--- Requirement ---
Within the entries below, the lines from the one with "Skinny female legs" through the one with "12 قطعة من علب" are to be set down exactly, both ends kept.

[Opening Record excerpts section]

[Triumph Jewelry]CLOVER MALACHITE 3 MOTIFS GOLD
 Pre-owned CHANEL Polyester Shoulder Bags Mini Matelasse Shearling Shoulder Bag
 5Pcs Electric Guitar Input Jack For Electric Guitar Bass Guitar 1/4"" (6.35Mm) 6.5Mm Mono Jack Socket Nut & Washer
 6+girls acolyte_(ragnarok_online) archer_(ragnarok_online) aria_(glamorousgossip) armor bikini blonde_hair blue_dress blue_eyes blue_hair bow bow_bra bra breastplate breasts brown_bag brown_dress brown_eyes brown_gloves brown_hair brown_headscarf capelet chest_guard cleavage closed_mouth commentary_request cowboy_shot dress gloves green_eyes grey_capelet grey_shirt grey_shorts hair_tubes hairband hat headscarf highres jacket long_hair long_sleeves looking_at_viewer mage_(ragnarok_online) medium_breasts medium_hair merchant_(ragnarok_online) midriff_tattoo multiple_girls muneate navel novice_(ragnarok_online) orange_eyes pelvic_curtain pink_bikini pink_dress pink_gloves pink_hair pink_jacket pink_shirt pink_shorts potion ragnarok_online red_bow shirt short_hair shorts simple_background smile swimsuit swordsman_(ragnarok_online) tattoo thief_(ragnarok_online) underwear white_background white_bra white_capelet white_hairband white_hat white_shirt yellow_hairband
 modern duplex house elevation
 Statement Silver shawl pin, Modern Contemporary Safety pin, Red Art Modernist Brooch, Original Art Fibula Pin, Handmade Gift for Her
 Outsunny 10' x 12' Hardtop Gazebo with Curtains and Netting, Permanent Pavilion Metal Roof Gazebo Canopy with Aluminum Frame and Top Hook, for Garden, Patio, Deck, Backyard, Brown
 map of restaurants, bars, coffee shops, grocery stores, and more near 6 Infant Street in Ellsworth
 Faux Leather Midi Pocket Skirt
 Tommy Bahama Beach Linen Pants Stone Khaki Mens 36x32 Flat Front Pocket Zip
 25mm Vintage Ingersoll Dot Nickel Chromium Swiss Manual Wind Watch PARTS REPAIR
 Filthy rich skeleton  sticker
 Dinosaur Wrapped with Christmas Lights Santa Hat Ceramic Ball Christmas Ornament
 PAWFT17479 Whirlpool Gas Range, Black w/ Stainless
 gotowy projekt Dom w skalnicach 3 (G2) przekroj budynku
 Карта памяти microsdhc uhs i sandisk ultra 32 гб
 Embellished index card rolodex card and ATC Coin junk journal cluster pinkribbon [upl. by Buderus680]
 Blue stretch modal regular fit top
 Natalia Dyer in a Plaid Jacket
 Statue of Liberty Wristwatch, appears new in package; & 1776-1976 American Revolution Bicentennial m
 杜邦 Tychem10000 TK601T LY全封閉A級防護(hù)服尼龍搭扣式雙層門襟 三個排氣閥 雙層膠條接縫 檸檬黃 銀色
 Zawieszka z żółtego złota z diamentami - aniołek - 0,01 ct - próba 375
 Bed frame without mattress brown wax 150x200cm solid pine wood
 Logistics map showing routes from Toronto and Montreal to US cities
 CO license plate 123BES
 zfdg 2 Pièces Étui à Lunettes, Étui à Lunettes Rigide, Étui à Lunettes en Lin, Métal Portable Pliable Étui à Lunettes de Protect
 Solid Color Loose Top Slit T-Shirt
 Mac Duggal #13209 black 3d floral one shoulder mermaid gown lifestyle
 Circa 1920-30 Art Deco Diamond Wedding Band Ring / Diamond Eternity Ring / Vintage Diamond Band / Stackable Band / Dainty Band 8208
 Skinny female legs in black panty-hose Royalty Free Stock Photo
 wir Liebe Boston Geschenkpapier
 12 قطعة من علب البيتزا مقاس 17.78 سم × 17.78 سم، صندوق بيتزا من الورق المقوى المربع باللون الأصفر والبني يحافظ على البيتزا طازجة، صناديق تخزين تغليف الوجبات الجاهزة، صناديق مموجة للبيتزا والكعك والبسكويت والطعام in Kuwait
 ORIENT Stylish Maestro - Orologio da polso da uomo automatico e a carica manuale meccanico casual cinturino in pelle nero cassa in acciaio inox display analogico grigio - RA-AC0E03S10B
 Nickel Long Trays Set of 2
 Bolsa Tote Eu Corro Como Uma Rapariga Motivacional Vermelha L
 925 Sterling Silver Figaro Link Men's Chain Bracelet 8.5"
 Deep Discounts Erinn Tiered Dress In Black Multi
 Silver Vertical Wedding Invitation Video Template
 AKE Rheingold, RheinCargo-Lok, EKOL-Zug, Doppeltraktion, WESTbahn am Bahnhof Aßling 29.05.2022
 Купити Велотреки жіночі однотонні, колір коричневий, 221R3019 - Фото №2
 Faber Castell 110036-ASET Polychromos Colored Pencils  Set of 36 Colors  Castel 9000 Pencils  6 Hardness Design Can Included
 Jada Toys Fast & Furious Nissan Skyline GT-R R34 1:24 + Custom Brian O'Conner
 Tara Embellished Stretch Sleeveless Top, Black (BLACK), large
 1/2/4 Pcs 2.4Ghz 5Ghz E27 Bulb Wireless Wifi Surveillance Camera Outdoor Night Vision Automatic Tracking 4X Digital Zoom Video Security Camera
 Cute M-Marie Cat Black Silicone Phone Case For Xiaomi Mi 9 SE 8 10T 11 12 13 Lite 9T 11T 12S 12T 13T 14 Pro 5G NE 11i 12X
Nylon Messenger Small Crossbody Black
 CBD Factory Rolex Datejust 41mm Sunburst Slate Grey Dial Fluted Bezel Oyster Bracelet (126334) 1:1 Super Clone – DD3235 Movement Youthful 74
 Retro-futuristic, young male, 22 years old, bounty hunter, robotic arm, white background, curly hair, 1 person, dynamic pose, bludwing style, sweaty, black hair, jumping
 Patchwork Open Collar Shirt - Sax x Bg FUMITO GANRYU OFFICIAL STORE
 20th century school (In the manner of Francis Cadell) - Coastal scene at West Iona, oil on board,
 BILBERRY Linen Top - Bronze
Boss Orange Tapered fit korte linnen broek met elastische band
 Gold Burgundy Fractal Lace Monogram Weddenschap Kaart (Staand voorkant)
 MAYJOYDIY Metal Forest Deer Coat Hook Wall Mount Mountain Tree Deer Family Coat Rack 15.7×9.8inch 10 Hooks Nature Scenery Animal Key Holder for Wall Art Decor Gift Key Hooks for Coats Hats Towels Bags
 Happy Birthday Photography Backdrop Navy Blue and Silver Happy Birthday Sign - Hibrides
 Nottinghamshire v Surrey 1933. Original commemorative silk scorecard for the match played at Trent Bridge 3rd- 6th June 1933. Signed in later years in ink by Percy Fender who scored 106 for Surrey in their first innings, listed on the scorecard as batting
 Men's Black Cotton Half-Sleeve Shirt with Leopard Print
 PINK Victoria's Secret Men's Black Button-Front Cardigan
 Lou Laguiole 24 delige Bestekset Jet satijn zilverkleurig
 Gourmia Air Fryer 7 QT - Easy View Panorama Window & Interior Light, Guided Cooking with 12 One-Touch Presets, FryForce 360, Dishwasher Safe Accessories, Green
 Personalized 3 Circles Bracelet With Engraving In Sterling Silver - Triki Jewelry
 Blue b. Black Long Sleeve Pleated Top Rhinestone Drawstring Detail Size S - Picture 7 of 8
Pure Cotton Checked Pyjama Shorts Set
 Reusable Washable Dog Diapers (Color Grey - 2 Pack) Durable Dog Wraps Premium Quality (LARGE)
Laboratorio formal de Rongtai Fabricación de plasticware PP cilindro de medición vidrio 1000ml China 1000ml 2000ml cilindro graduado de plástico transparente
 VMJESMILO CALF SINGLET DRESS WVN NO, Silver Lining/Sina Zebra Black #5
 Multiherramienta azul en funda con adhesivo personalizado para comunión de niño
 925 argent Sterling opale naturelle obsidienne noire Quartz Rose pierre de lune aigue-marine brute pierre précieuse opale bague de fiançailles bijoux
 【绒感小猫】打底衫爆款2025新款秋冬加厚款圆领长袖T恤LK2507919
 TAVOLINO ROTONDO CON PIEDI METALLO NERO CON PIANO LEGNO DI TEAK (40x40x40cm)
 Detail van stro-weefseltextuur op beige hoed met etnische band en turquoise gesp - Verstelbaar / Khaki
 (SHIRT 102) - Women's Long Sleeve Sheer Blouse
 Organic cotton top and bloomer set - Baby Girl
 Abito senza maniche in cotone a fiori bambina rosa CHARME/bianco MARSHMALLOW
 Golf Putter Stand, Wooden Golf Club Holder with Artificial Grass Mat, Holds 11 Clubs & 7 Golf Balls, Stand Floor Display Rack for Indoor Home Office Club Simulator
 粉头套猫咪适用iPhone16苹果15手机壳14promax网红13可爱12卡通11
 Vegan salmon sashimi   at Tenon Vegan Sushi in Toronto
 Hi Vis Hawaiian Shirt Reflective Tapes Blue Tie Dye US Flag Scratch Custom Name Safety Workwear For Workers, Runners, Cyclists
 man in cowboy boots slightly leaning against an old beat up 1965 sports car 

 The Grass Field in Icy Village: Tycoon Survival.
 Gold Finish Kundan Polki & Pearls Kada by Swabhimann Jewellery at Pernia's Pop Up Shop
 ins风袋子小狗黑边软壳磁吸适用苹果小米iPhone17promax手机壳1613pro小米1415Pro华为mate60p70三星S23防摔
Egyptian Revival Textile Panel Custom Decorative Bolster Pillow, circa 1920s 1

[Closing Record excerpts section]

--- Completed exercise ---
 Skinny female legs in black panty-hose Royalty Free Stock Photo
 wir Liebe Boston Geschenkpapier
 12 قطعة من علب البيتزا مقاس 17.78 سم × 17.78 سم، صندوق بيتزا من الورق المقوى المربع باللون الأصفر والبني يحافظ على البيتزا طازجة، صناديق تخزين تغليف الوجبات الجاهزة، صناديق مموجة للبيتزا والكعك والبسكويت والطعام in Kuwait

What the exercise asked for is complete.